MACo’s 2020 President, Baltimore City Council Member Sharon Green Middleton, First Vice President, Caroline County Commissioner Wilbur Levengood, Chair of MACo’s Education Subcommittee, Montgomery County Council Member Craig Rice, and MACo Associate Director Kevin Kinnally today presented MACo’s 2020 Legislative Initiatives to the House Ways and Means Committee. The MACo panel followed the Department of Legislative Services’ analysts, who presented the annual Overview of State Aid to Local Governments.
Substance use disorders and mental illness remain two of the most pressing health issues for every county in Maryland. Local Health Departments are the “first responders” for public health emergencies, including these crises, but have been forced to do more with much less after significant state Core Funding cuts.
Council Member Green Middleton discussed Baltimore City initiatives to address mental health crises, including the passage of the Trauma-Responsive Care Act and the Baltimore City Health Department’s commitment to save lives with naloxone, increase access to on-demand and evidence-based treatment, and fight stigma with education.
According to Council Member Middleton:
MACo advocates for unwavering vigilance and State partnership in support of innovative and gap-filling behavioral health initiatives that improve access and availability of services, resources, facilities, and staff.
The State’s commitment to school construction funding needs to remain strong – to best serve the modern needs of our schoolchildren, educators, and communities. Commissioner Levengood advocated for reviewing and updating the State’s school funding formulas and guidelines to promote the smartest and most effective funding for modern schools.
According to Commissioner Levengood:
The State’s partnership on school construction is especially meaningful — for a small county, the cost of building a school can easily equal its entire operating budget and threaten advancement of other needed capital infrastructure projects.

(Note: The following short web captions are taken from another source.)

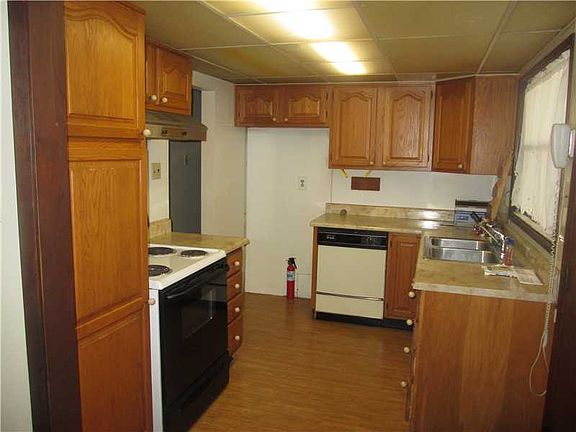 3rd image of 1930 River Oaks Dr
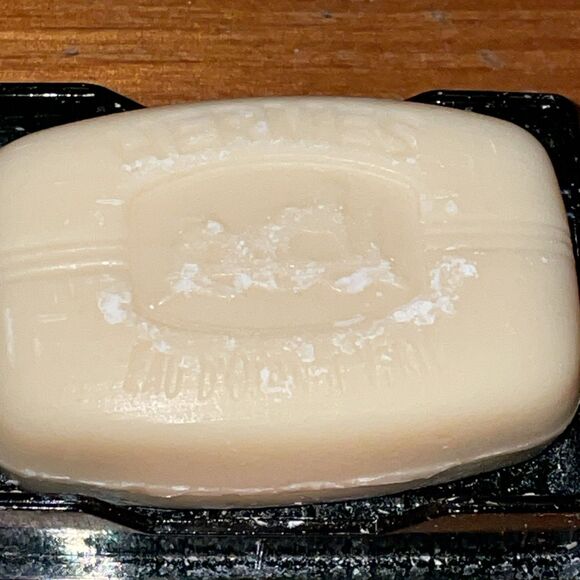 Hermes Perfumed Soap Eau D'Orange Verte 0.8 oz Travel Size Hard Case Paris - Picture 7 of 14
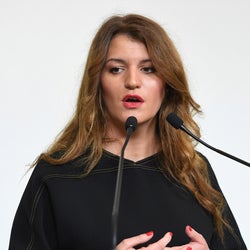 Congé paternité d’un mois, jeunes grands-parents... Schiappa “veut faire plus” pour la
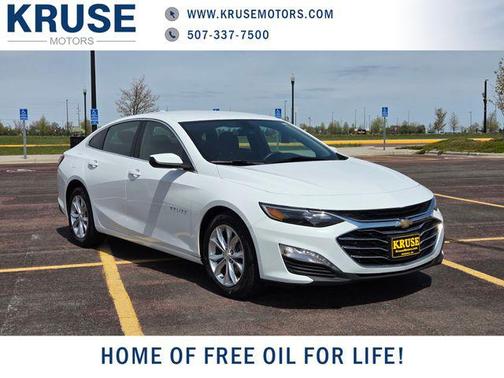 White 2019 Chevrolet Malibu LT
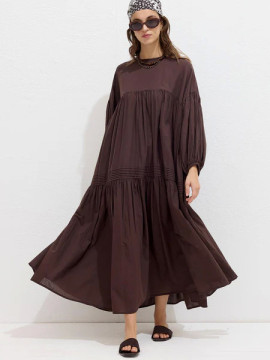 Geplooide oversized voile jurk bruin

The 2020 Session will feature a generational debate about school funding, outcomes, and expectations. Along with a new state commitment to education through broad formulas and targeted programs, the legislation will likely oblige new county resources toward these goals.
Council Member Rice expressed the importance of adequate, fair, and reasonable funding for all of Maryland’s students, and urged State policymakers to sustain a robust level of public education funding without unduly burdening county budgets or slighting other essential local services.

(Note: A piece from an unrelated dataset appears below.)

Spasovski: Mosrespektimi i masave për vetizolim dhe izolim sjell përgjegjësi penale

Rice also asked that any newly-identified or authorized revenue sources developed with school funding in mind support both the state and local efforts to meet education goals.
According to Rice:
As the chair of MACo’s Education Subcommittee, I can tell you that counties remain committed to education.
In fact, this year counties will exceed the required “maintenance of effort” funding by at least $85 million. The additional $85 million does not include the additional dollars that counties spend on capital infrastructure, like school buildings.

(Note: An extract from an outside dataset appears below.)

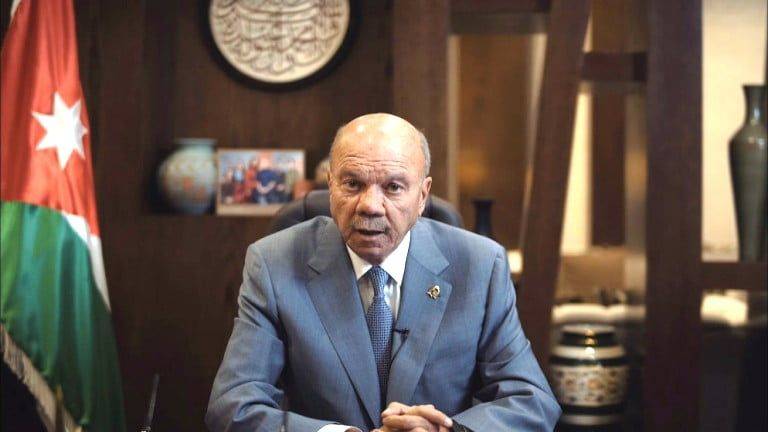 الفايز يتنازل عن إساءة بحقه.. تفاصيل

Further, each year counties spend millions on schools – money which is not accounted for in the “maintenance of effort” calculation – with commitments through their health departments, law enforcement agencies, after-school activities, and other programs not technically inside the school budget.
MACo Associate Director Kevin Kinnally advocated for the repeal of the “implied preemption” court doctrine.
Maryland courts have adopted, albeit inconsistently, a novel theory of State preemption over local actions – finding that counties may be preempted even without any State law explicitly stating so. This principle was used years ago to invalidate multiple local tobacco regulations, and more recently on local pesticide restrictions and land use decisions for energy facilities.
MACo is joining forces with the LOCAL Maryland Coalition — a coalition formed to defend communities’ rights to respond to local matters, and when appropriate to tailor state laws to fit their needs — to fight against state preemption.
According to Kinnally:
Legislation should clarify, prospectively, that preemption should not take place in the courts, but in the open and accessible lawmaking process, where all stakeholders may be heard on the merits of their arguments.